Learnable Appearance

NeRF excels in controlled and static scenes. In practice such meticulously gathered datasets are not always available. For example given a set of photos of a tourist attraction site such as Eiffel tower (i.e. photo tourism datasets), the ambient light and transient objects such as pedestrians invalidate the NeRF assumption of a static scene. The papers in this section utilize robust losses, bundle adjustment techniques, and trainable embedding vectors to model such variations in the dataset.

NeRF in-the-wild @ CVPR 2021 – arXiv

Nerf in the wild uses an appearance embedding to allow for per image change and a transient MLP tower to model redundant objects.

Nerf models fail in an uncontrolled setup such as a collection of images on the internet. The main reason is Nerf assumes the color intensity of a point is the same from different viewpoints. But in a random collection of images of a scene there are both photometric variations such as illumination and transient objects (e.g. moving pedestrians). These techniques enables Nerf-w to handle appearance change and transient objects while still generating sharp objects. Nerf-w tackles the photometric inconsistencies by learning a per-image embedding and concatenating it to the input of the MLP. Essentially making the color prediction not only view dependent but image dependant as well. To handle transient objects, Nerf-w has another MLP which outputs another set of color and occupancy alongside uncertainty modeled by normal distribution.

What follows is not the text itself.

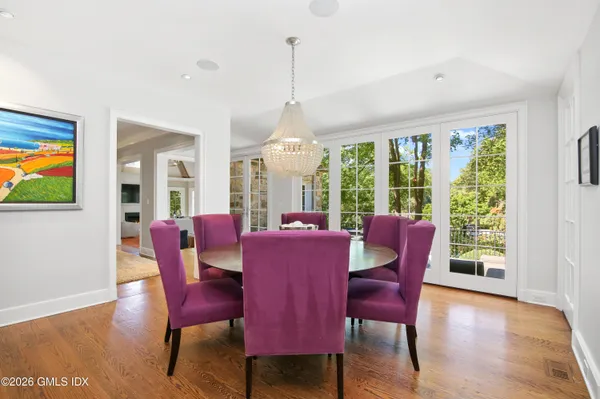 $6,995,000 | 105 Woodside Drive, Greenwich, CT 06830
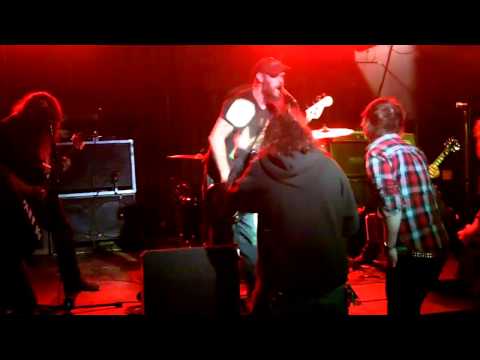 BUZZOV*EN/COUGH "get me a beer pleeeeasse"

They estimate the variance of the normal distribution to be both image and view dependant. Therefore, they learn another set of image based embedding vectors. Nerf-w simply adds an L1 regularizer to the transient density to avoid explaining away of static scene with transient parts.

Nerfies @ ICCV 2021 – arXiv

Nerfies uses a deformation field to map into the canonical coordinate of the object and allows for per image appearance change.

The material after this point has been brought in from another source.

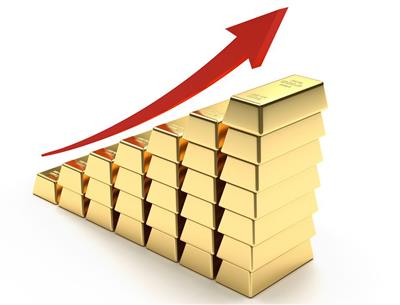 Золото слабо дорожает на снижении доходности гособлигаций США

Given that Nerf only works in static and controlled setup, what happens if the object of interest is deformable? Nerf fails since the color to 3D point assignment varies between images. Nerfies models the deformability of an object explicity by learning a warp field. A per image embedding is used to SE(3) transform points from that image coordinate frame into the canonical coordinate frame. The warping field introduces many ambiguities in the optimization. Nerfies incorporates and elasticity regularizer which forces the singular values of the Jacobian of the deformation to be close to identity. Also, SE(3) assumes rigidity which does not hold in all situations therefore rather than L2 optimization, they use a Geman-McLure robust loss function on the singular values of the Jacobian. Also assuming access to a set of fixed background points they add background regularization. They also incorporate bundle adjustment techniques and clamp the trainable frequencies with a schedule during training similar to BaRF. The results show that BG modelling and SE(3) enforcement are the most impactful adjustments while all the design decisions having impact in some situations.

HyperNeRF @ SIGGRAPH Asia 2021 – arXiv

HyperNerf slices a hyperspace using deformation and ambient fields rather than a 3D space. Also, using an appearance embedding Hypernerf accommodates per image appearance change.

If the object of interest moves, nerf fails to align the rays, points, and pixels and the optimization fails. In this work they tackle the challenge of non-rigid topologically changing objects. HyperNerf models a hyperspace of the 3D volume. Each image has an associated trainable warping embedding. They model a deformation field with an MLP and the ambient changes with another MLP. Therefore mapping the original 3D point into a canonical hyperspace. The deformed point and the ambient slice are positionally encoded and passed through the NeRF MLP and optimized with volume rendering. At inference they can both change appearance by moving in the topography plane and in the spatial plane.